● **Exercise details**
Only the lines from the line containing "Ozair Sanabria e Dom Henrique. Foto: RC" to the end of the material belong in the copy; set them down exactly, without pictures.

● **Material provided**
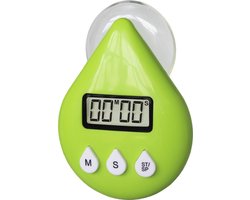 EcoSavers ShowerTimer Eco Douchetimer | Reduceert douchetijd | douche timer helpt energie en water te besparen | Douche wekkers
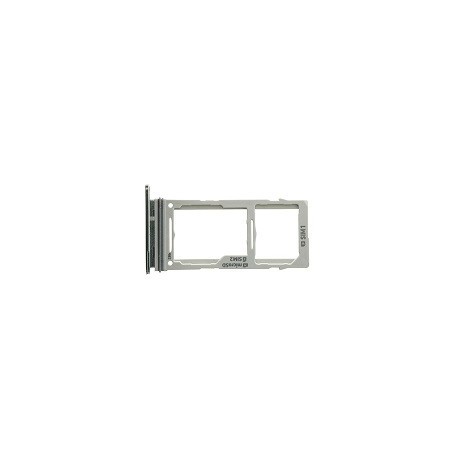 CARRELLO SIM/MEMORY CARD SAMSUNG GALAXY S10 SM-G973 PRISM GREEN (VERDE)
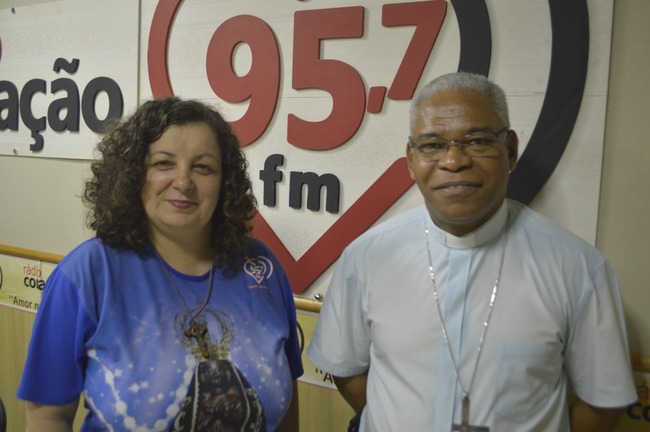Ozair Sanabria e Dom Henrique. Foto: RC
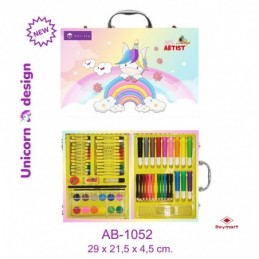 SET ART STUDIO 68 PIEZASUNICORNIOS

● **Written response**
Ozair Sanabria e Dom Henrique. Foto: RC
 SET ART STUDIO 68 PIEZASUNICORNIOS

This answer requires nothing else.